### Instructions for the task
Give back the full data, retyped precisely.

(Given records Opens)

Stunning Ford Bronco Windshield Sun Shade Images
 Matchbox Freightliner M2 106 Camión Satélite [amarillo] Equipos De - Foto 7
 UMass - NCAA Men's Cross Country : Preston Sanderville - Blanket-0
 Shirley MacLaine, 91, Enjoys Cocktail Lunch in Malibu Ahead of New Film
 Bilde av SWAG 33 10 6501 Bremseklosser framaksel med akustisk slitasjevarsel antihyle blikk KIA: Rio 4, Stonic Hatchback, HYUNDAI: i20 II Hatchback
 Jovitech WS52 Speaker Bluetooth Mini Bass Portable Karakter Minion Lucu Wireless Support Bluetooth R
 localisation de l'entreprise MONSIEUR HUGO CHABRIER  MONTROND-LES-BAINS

(Given records Closes)

### Written response
Stunning Ford Bronco Windshield Sun Shade Images
 Matchbox Freightliner M2 106 Camión Satélite [amarillo] Equipos De - Foto 7
 UMass - NCAA Men's Cross Country : Preston Sanderville - Blanket-0
 Shirley MacLaine, 91, Enjoys Cocktail Lunch in Malibu Ahead of New Film
 Bilde av SWAG 33 10 6501 Bremseklosser framaksel med akustisk slitasjevarsel antihyle blikk KIA: Rio 4, Stonic Hatchback, HYUNDAI: i20 II Hatchback
 Jovitech WS52 Speaker Bluetooth Mini Bass Portable Karakter Minion Lucu Wireless Support Bluetooth R
 localisation de l'entreprise MONSIEUR HUGO CHABRIER  MONTROND-LES-BAINS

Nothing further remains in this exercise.